Picture yourself as a sports manager, assembling the best football team that would challenge the league title. Would you take on players from the fourth or fifth division?
No. You’d scout the league for the best of the best to ensure that your team has the greatest possible chance of winning trophies.
Why should creating a team for your business be any different? A rebel entrepreneur will pick the best candidates from their respective fields – the best salespeople, the best in finance, the best project managers, the best designers, programmers – and will pay for these best people to ensure a successful company.
A rebel entrepreneur may not have gone to Harvard or Stanford but that wont stop them from hiring people that did.
Creating a team doesn’t stop there. Would a football manager create a team comprised entirely of strikers? Or goalkeepers? Absolutely not.

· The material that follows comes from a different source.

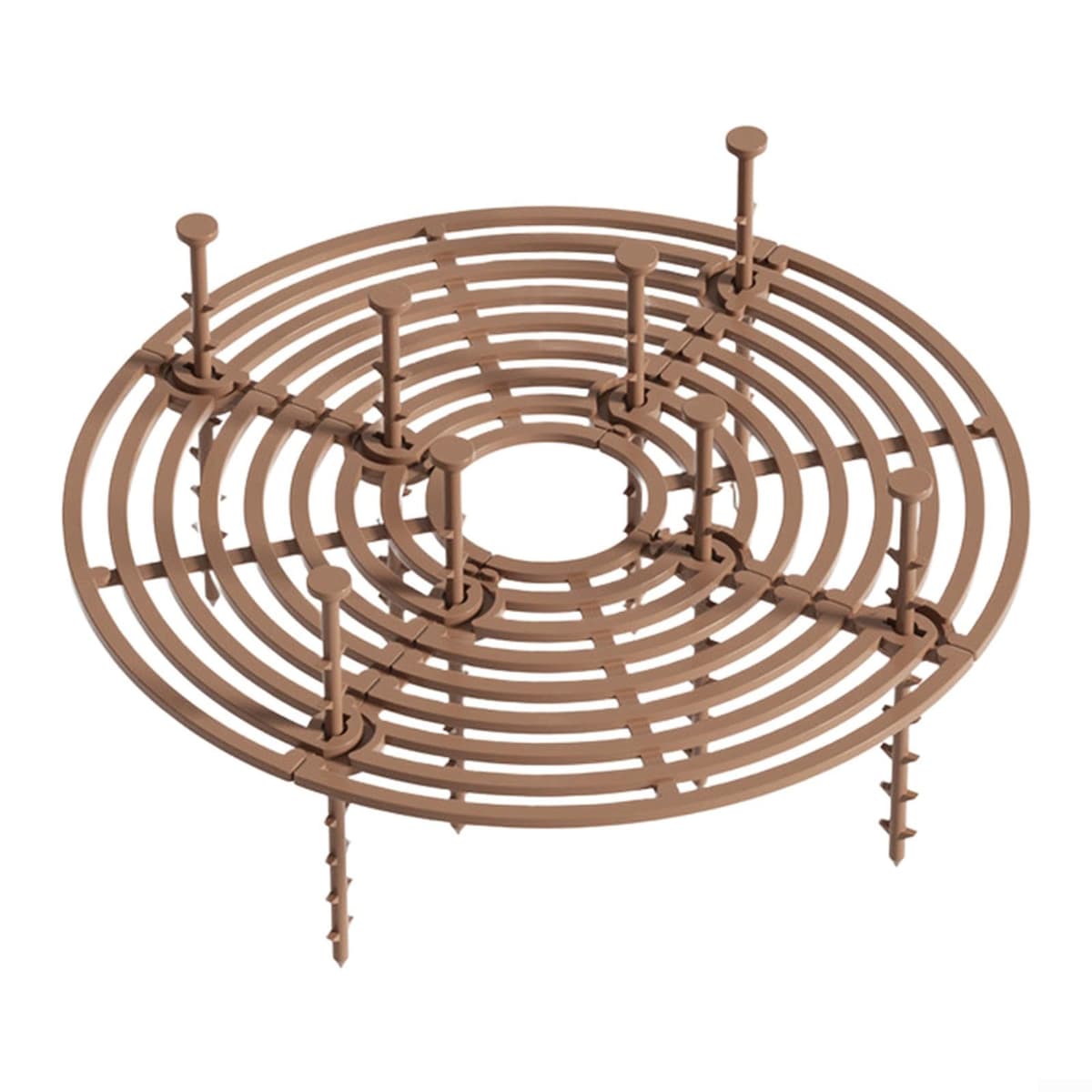 Paquete de 4 rejillas para macetas de 19/30 cm, protectores de suelo de animales, gatos, perros, de plástico para el hogar, jardín, marrón y negro (A) — view 5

Diversity in business is essential. Studies show that teams composed of men and women of different races, nationalities, sexual orientations and religions consistently outperform teams with less diverse workforces. In 2018, McKinsey ran a survey of over 366 companies across three continents and found that the firms that had diversity on their executive boards generated greater returns on equity as well as higher earnings on cash before interest than their less diverse counterparts.

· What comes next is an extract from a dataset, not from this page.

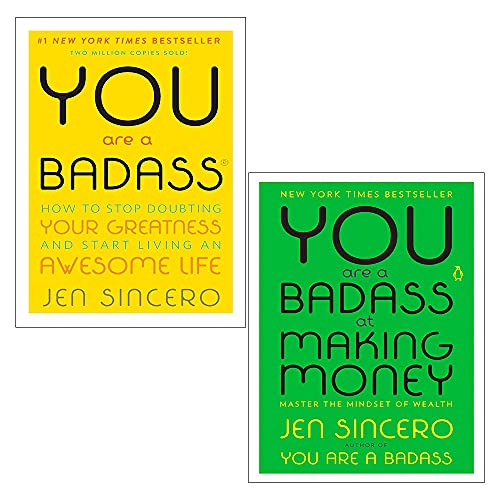 Book Cover You Are a Badass & You Are a Badass at Making Money 2 Books Collection Set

A diverse team full of people of different ages, ethnicities, genders, cultures, religions and orientations brings a wealth of expertise to your business. This input will eradicate blind spots, ensuring that your product is developed for the diverse world in which we live.
Finally, the members of your team must gel well with one another. A brilliant striker is useless if he can’t pass the ball. When the right team comes together, their collective sum becomes infinitely more valuable than their individual parts.
Steve Jobs once said that for a business to succeed, you must surround yourself with dreamers, doers, believers and thinkers. The best team will be strong, diverse and collaborative. A great team can make one plus one equal three.